Run this code after the kmeans clustering is done.
I have arranged code so that you can simply use the process method by
supplying it the path of clusteredPoints directory inside the output
path for clustering, the hadoop fileSystem and Configuration.
//use clusterId and vector here to write to a local file.

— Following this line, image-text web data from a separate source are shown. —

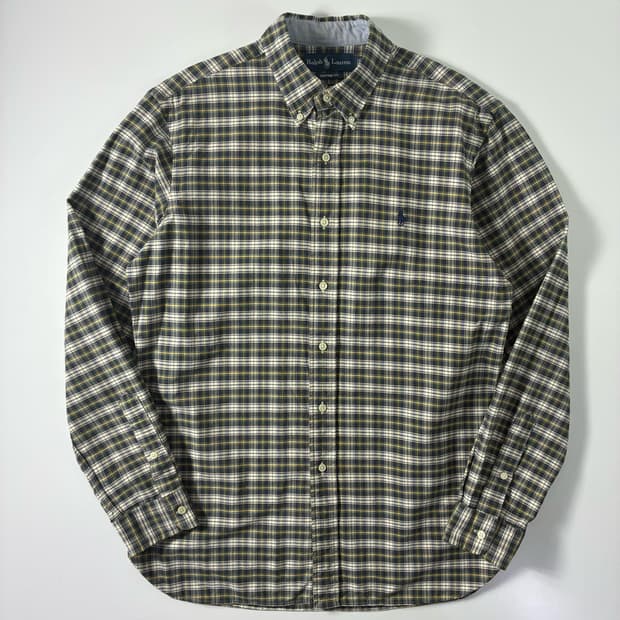 Polo  폴로 랄프로렌 자수 코튼 타탄체크 셔츠  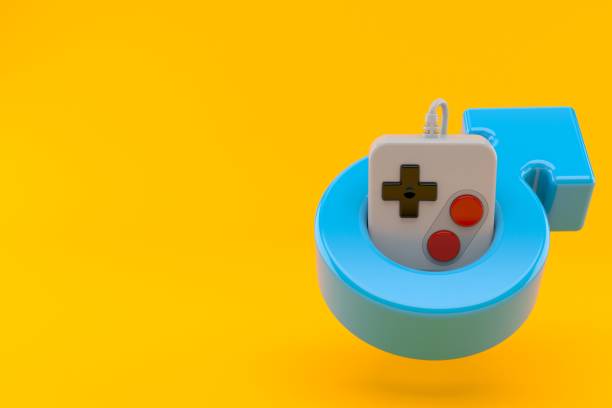 istock Gamepad inside male gender symbol 1328153983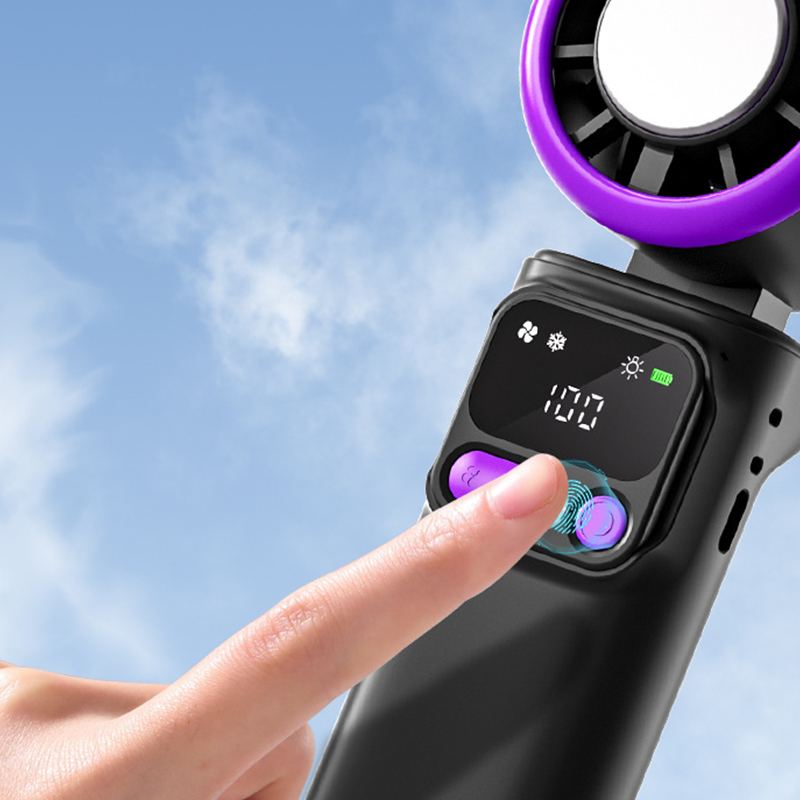 🔥Limited Time Promotion 50% OFF🔥Portable Cooling Fan with Ice Compress Plate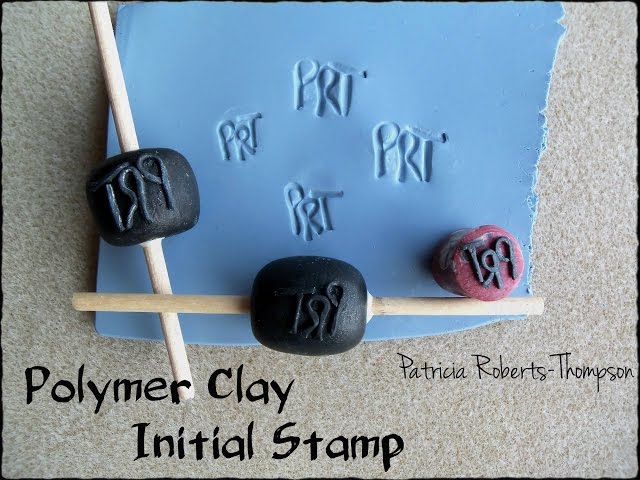Polymer Clay Initial Stamps 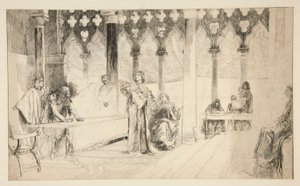 Scène de procès, du Marchand de Venise - Edwin Austin Abbey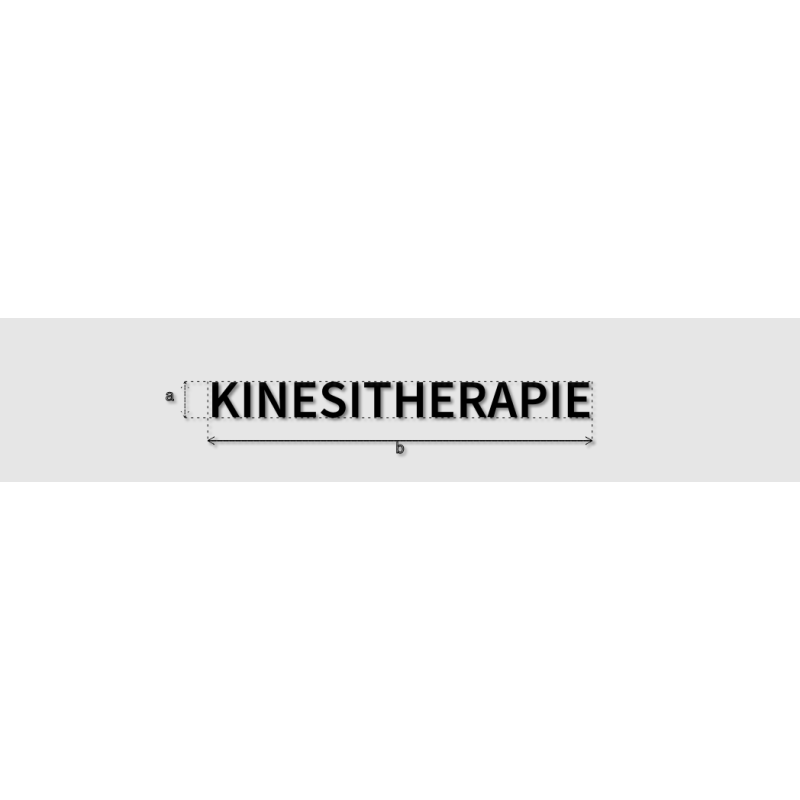 Découpe de lettres : "KINESITHERAPIE"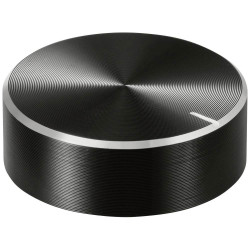 TruComponents 320049 Control knob + marking Black (Ø x H) 29mmx10mmAlu/Plastic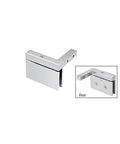 Senior Cardiff Chrome Offset Wall Mount Hinge For 12 Mm Glass Shower Doors With Back Plate Self Centering Right Hand Mount Beefy Heavy Duty Glass Door Hardware, rear view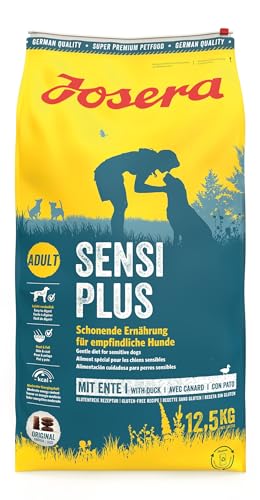 JOSERA SensiPlus (1 x 12,5 kg) | Hundefutter mit Ente für empfindliche Hunde | Super Premium Trockenfutter für ausgewachsene Hunde | 1er Pack von Josera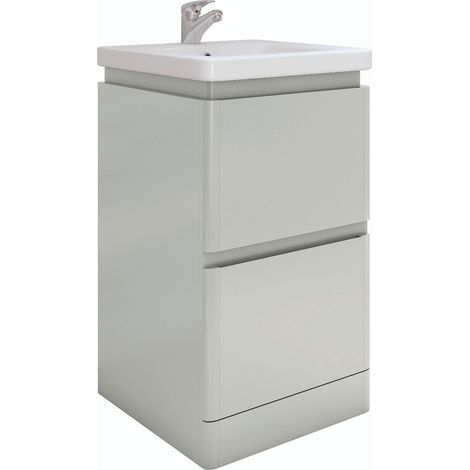 RAK Resort 500mm Matt Grey Floor Standing Vanity Unit - RAKRSTFSU50603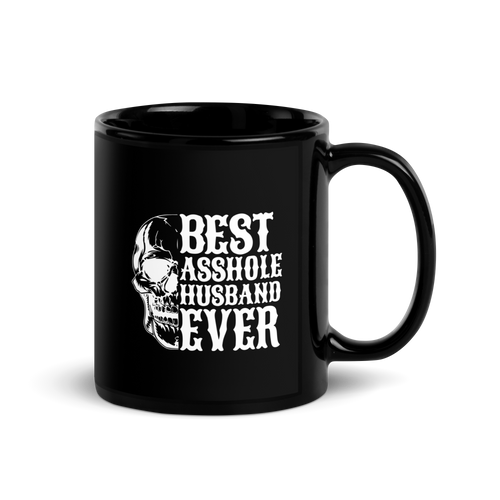 Best Asshole Husband Ever Black Glossy Mug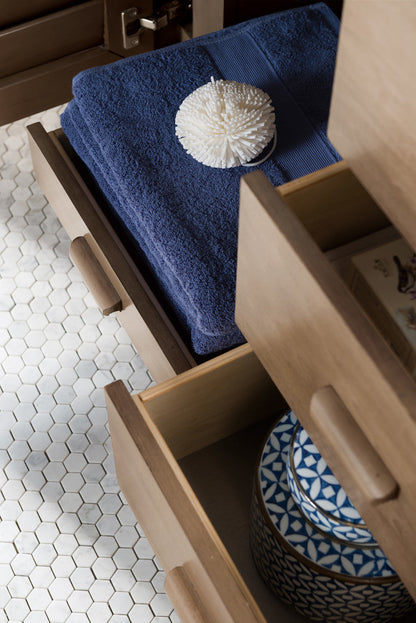 Portland 60" Single Vanity Cabinet, Whitewashed Walnut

At this line you will get the clusterId and vector. Use it to write to
the file.
public void process(Path clusteredPoints, FileSystem fileSystem,
Configuration conf){
FileStatus[] partFiles = getAllClusteredPointPartFiles();
for (FileStatus partFile : partFiles) {
SequenceFile.Reader clusteredPointsReader = new
SequenceFile.Reader(fileSystem, partFile.getPath(),
conf);
WritableComparable clusterIdAsKey = (WritableComparable)
clusteredPointsReader.getKeyClass()
.newInstance();
Writable vector = (Writable)
clusteredPointsReader.getValueClass().newInstance();
while (clusteredPointsReader.next(clusterIdAsKey, vector)) {
//use clusterId and vector here to write to a local file.
}
clusteredPointsReader.close();
}
}
}
private FileStatus[] getAllClusteredPointPartFiles(Path
clusteredPoints, FileSystem fileSystem) throws IOException {
Path[] partFilePaths =
FileUtil.stat2Paths(fileSystem.globStatus(clusteredPoints,
PathFilters.partFilter()));
FileStatus[] partFileStatuses =
fileSystem.listStatus(partFilePaths, PathFilters.partFilter());
return partFileStatuses;
}
Paritosh
On 25-11-2011 12:27, Rachana wrote:
Hi Ranjan,
Thank you for your response, but as I am newbee I am kind of confused a bit!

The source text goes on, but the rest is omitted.